Sora Aoi: Crossing the cultural divide (through porn)
Porn might be illegal in mainland China, but that hasn’t stopped amply-bosomed sex-kitten Sora (or Sola) Aoi attaining a level of celebrity there practically unheard of for an adult actress (let alone a Japanese one).
With her Chinese name now registering more than 41 million page hits on Google (exceeding the not-inconsiderable likes of Mao Zedong, Yao Ming and Confucius) the sexy, savvy JAV idol’s star is most definitely on the rise.
Having made her AV debut in 2002 (aged 18, in the Alice Japan release Happy Go Lucky!), the now-27-year-old Sora quickly branched out into other areas, and as of this year has featured not only in Japanese variety shows and dramas, but also in the award-winning Thai movie Hormones and on Korean TV. Expanding her horizons beyond not only the genre that launched her but the shores of her homeland itself has seen Sora begin to make a name for herself all across Asia.
“But it’s China,” writes The Daily Beast‘s Isaac Stone Fish “where an increasingly open-minded middle class pushes back against government censorship, where Sora and her team have been concentrating most of their efforts.”
Of particular note is Sora’s popularity among China’s denizens of the interwebs (her Weibo account – think a Chinese Twitter – sees her every published thought, no matter how trivial, forwarded and commented upon literally thousands of times). ‘Sora is so popular because she has really communicated with Chinese netizens,’ Hecaitou, an influential Chinese blogger, is quoted as saying.
Publicly practicing her Chinese calligraphy; studying Mandarin; launching an effort to raise relief funds for a major earthquake in Western China — Sora’s sincere efforts “[seem] to resonate with everyday Chinese men.” “There are some AV stars who are very fake,’ muses William Peng, a 26-year-old salesman from Shanghai. ‘I think Sora’s not too artificial or insincere.”
Her level of popularity with the Chinese everyman (and woman) ranges from the sweetly supportive (“Even though Sora has taken off her clothes, she’s just a saint who’s also taken off her clothes.”) to the outright hilarious — one police station became a laughing stock when netizens uncovered that it had set up a Weibo account solely for the purpose of following Sora.
As The Daily Beast’s article puts it: ‘That a porn star in China can reach 2.8 million fans on Sina’s Weibo and become part of the domestic debate…shows the widening space for controlled sexual expression in Chinese media… Ultimately though, Sora faces one possibly insurmountable hurdle in her rise to Chinese superstardom.
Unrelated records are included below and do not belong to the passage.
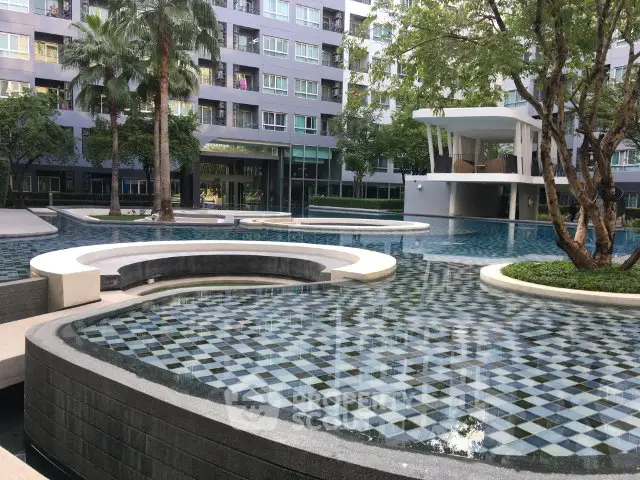 Luxurious apartment complex with stunning pool and modern architecture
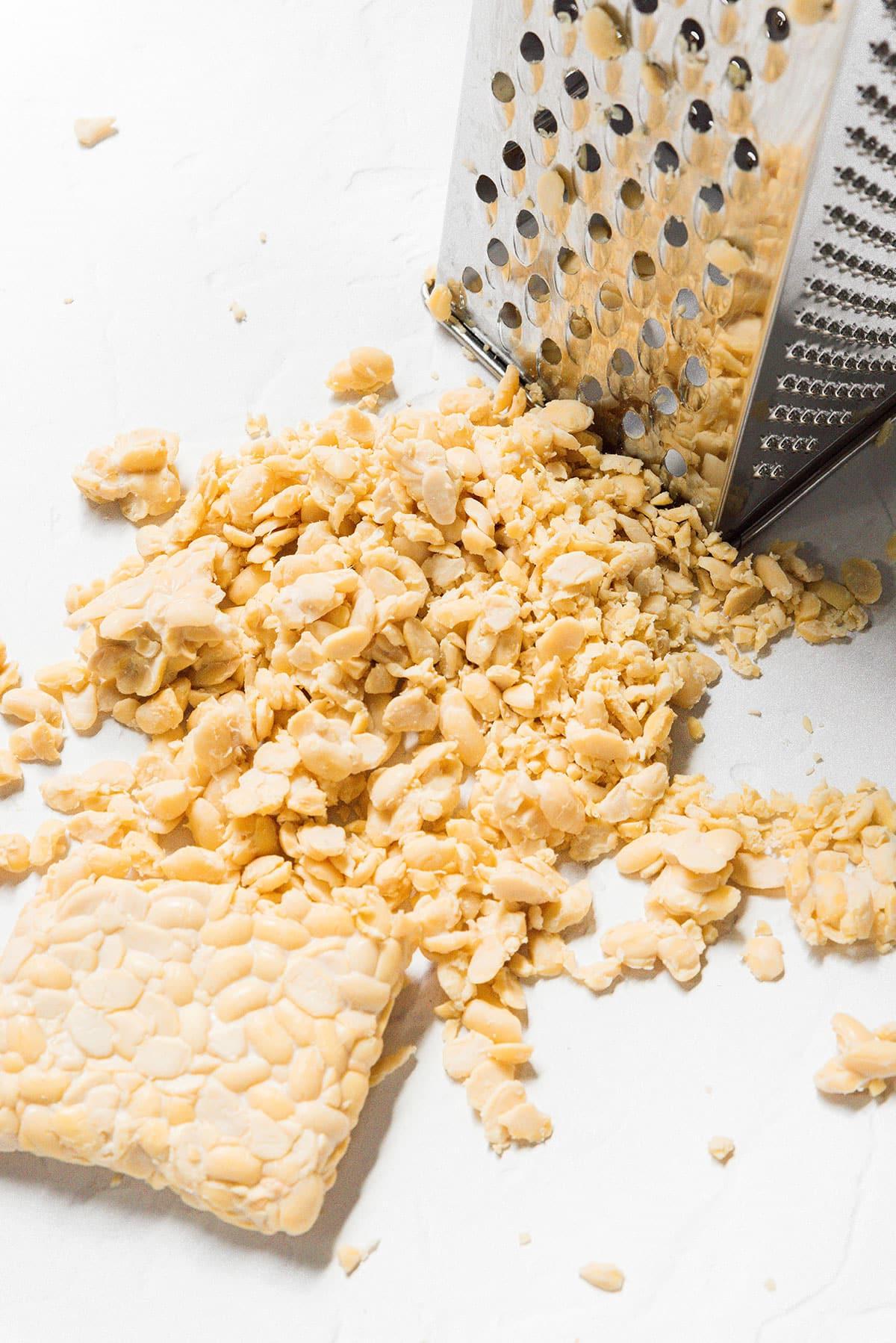 Tempeh Taco Fleisch 4 Ein Detailbild von Tempeh, das mit einer Kastenreibe geraspelt wird, um die Textur von Hackfleisch zu imitieren.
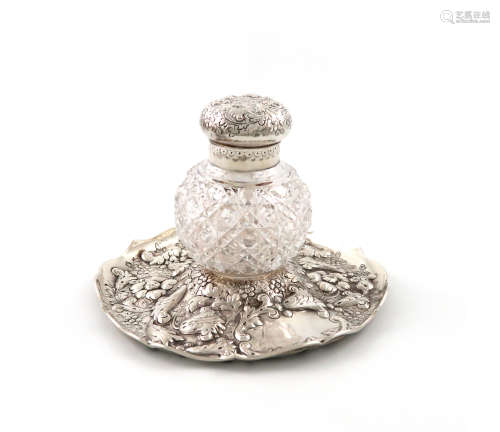 A Victorian silver inkstand, by Charles Boyton, London 1888, circular form, embossed with foliate
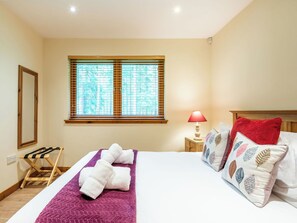 Ein Hotelzimmer mit Bett, Fenster mit Jalousien, Nachttischlampe und einem Holzboden.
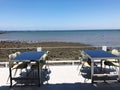 Table and chairs on the terrace of a restaurant on the beach Royalty Free Stock Photo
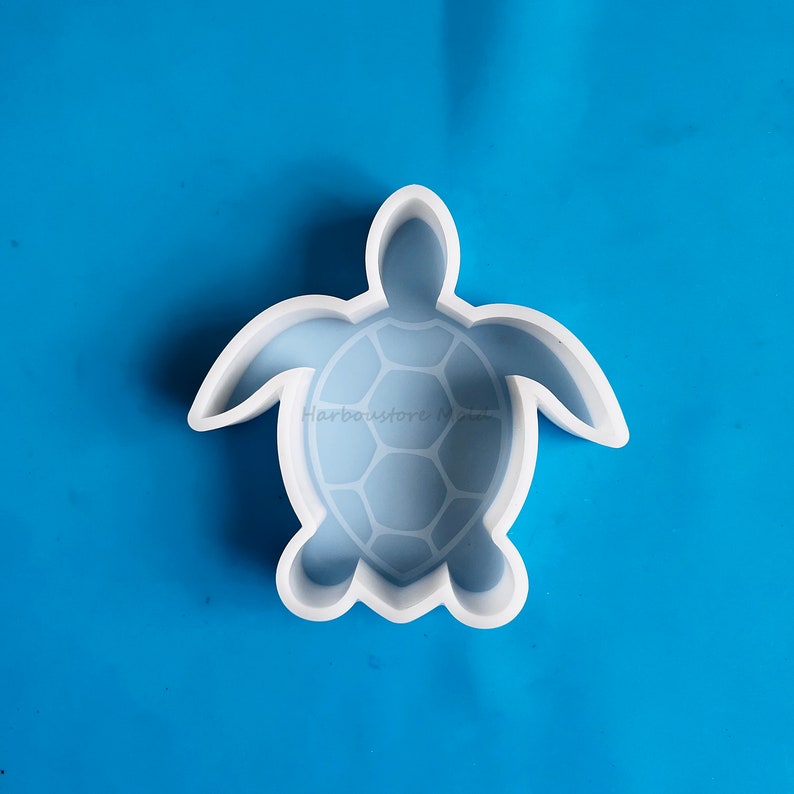 Puede incluir: Un molde de silicona blanco con forma de tortuga, con un patr&oacute;n de caparaz&oacute;n detallado. El molde est&aacute; sobre un fondo azul brillante. El texto "Harbourstore Molds" es visible en el molde.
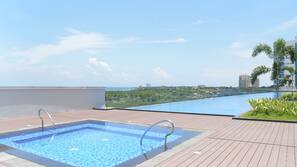 Outdoor pool, pool umbrellas, pool loungers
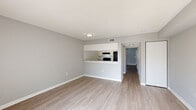 This two-story townhome in Kissimmee, Florida offers a practical and comfortable layout spread across two well-proportioned floors. The exterior features warm tan siding set against lush green communal grounds, providing an inviting Florida setting with mature trees and open lawn areas.

On the main floor, the living room is bright and airy, featuring light wood-style luxury vinyl flooring, neutral gray walls, a textured ceiling, and a sliding glass door that floods the space with natural light and opens to a view of the greenery outside. The kitchen is efficiently laid out with white shaker-style cabinetry, granite-look countertops, a double-basin sink, and a black dishwasher — all finished with coordinating light flooring.

Upstairs, the two bedrooms are carpeted for comfort, finished with the same neutral gray palette, and feature textured ceilings with window blinds allowing natural light. The generously sized primary bedroom includes ample closet space. A ceiling fan adds to the comfort of an additional room on this floor.

Three bathrooms serve the home, including one with a full tub-shower combination featuring white subway tile surround, wood-look flooring, and granite-style countertops with a white vanity. The clean, neutral finishes throughout give the home a move-in-ready feel.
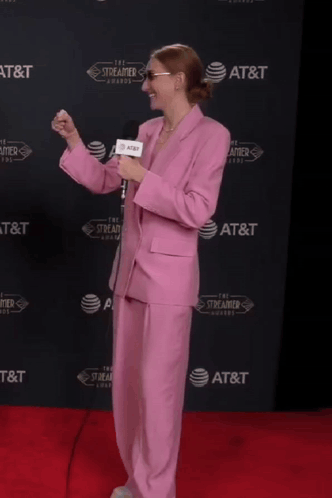 a woman in a pink suit is holding a microphone in front of an at & t wall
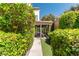 Charming walkway leads to the home's entrance, bordered by lush, green landscaping and mature plants at 2017 Plaza De Cielo, Las Vegas, NV 89102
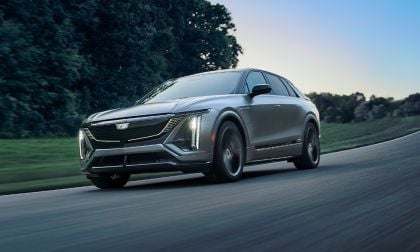 Silver 2026 Cadillac Lyriq electric SUV curving on a road with green trees and blurred motion
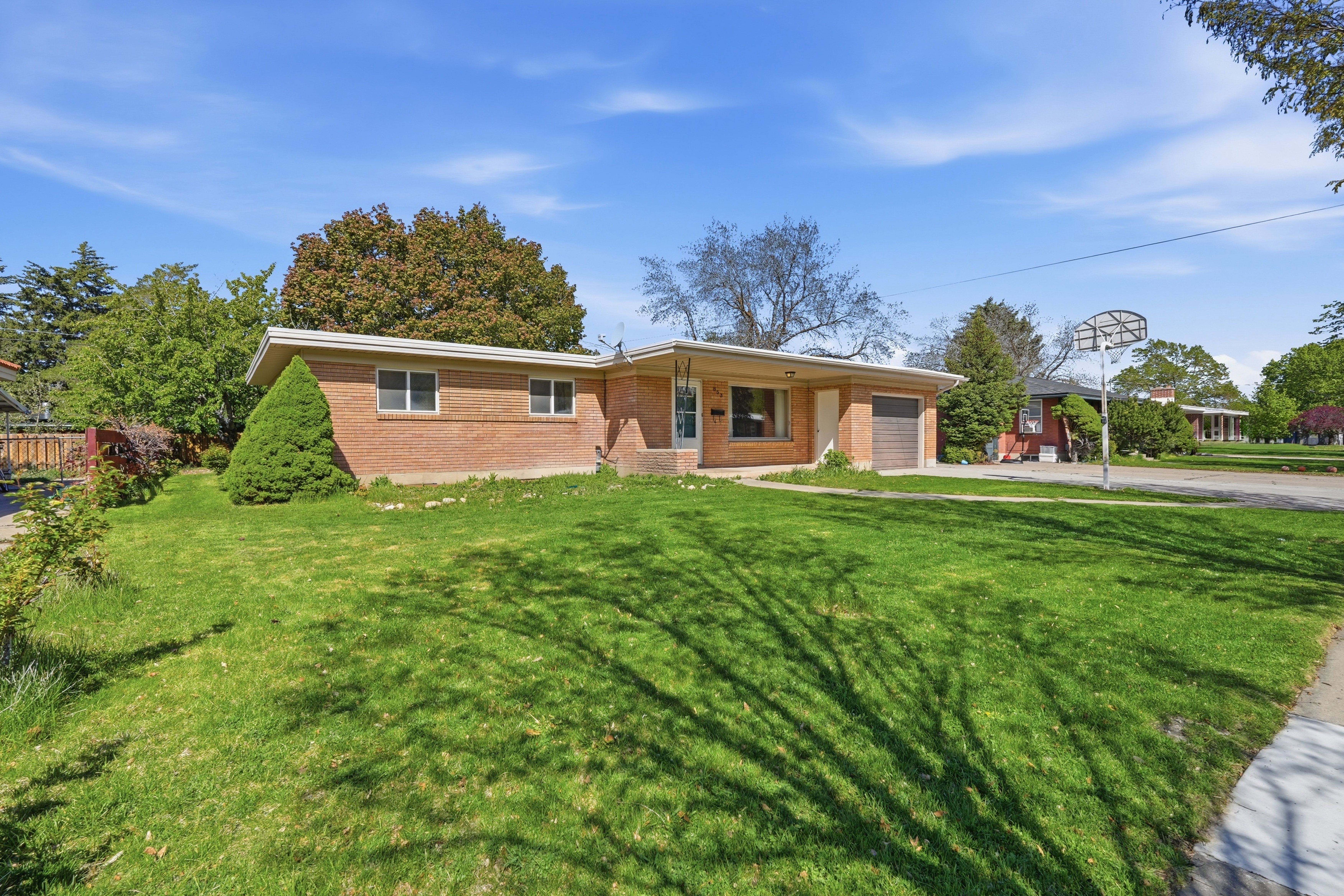 Ranch-style house featuring a garage, brick siding, driveway, and a front yard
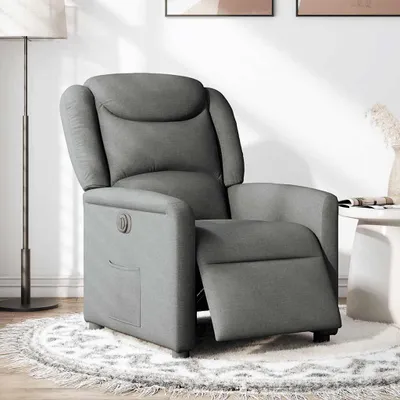 A gray fabric recliner chair is shown in a room with a lamp and a side table.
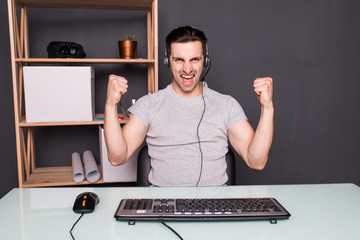 Night play. young gamer in headphones using computer for playing game at home © F8  \ Suport Ukraine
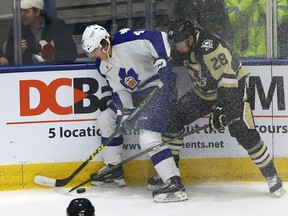 Kasperi Kapanen of the Toronto Marlies gets hit by Steve Olesky of the Wilkes-Barre/Scranton Penguins during AHL action at the Ricoh Coliseum in Toronto on Feb. 19, 2016. (Dave Abel/Toronto Sun)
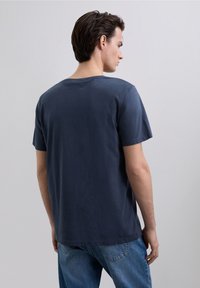 Camiseta de algodón azul marino con cuello redondo, mangas cortas y un corte holgado. Costuras visibles y textura suave. Combinada con vaqueros de color azul claro.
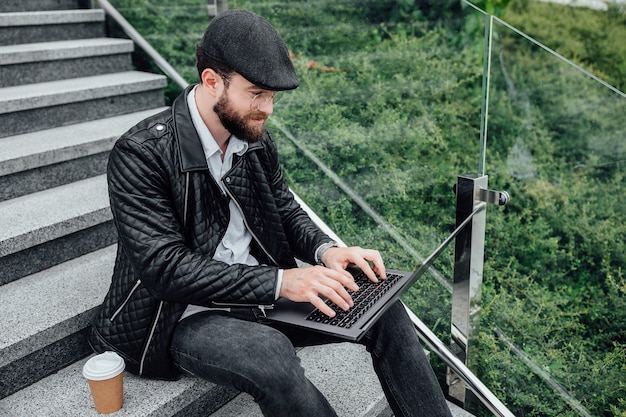 Beau Travailleur Heureux Buvant Du Café Et Travaillant Sur Un Ordinateur Portable Assis à L'extérieur Dans Les Escaliers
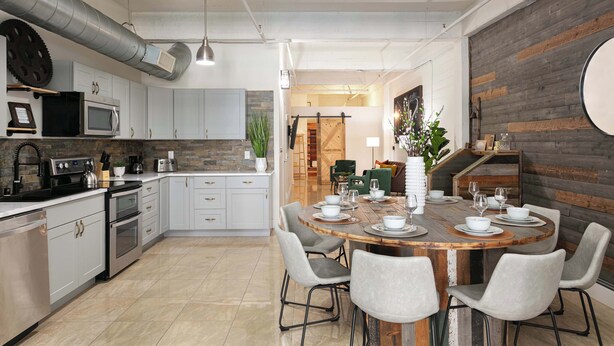 Una cocina moderna con armarios blancos, electrodomésticos de acero inoxidable y una mesa de comedor de madera dispuesta para seis comensales.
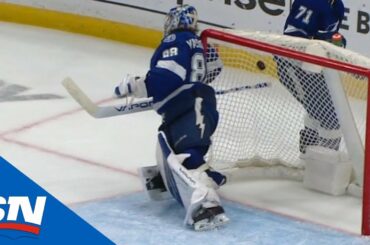 Slavin Sneaks Puck Over Vasilevskiy's Shoulder With Precise Shot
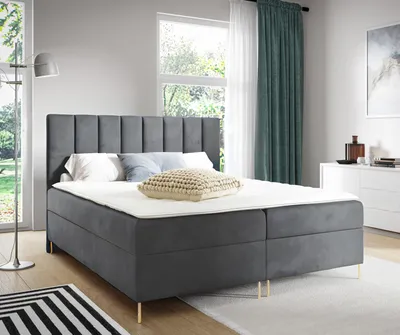 A bedroom scene featuring a large gray upholstered bed with gold legs, set against a window with green curtains.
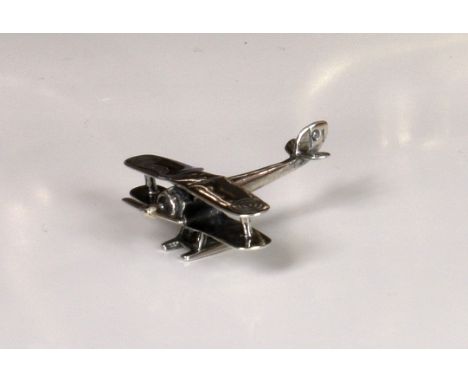 A modern miniature silver model of a biplane, stamped 925, 1 3/8in. (3.5cm.) long, weight 0.25 tr.oz.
To be blunt: She’s Japanese.’
Whether or not lingering cultural resentment between China and Japan will scupper Sora’s chances of capitalising on her newfound celebrity remains to be seen, but, with enterprising young Chinese routinely dodging firewalls or arranging illicit meetings under bridges to get a hold of her material, it seems a safe bet that she won’t be easily ejected from the public consciousness (“[Even] the big news websites have her,” says student Xu Cheng. “We don’t need to look at the websites we’re not supposed to in order to see her.”). As befitting someone with the pseudonym ‘Sora’, for this red-hot goddess the sky really is the limit.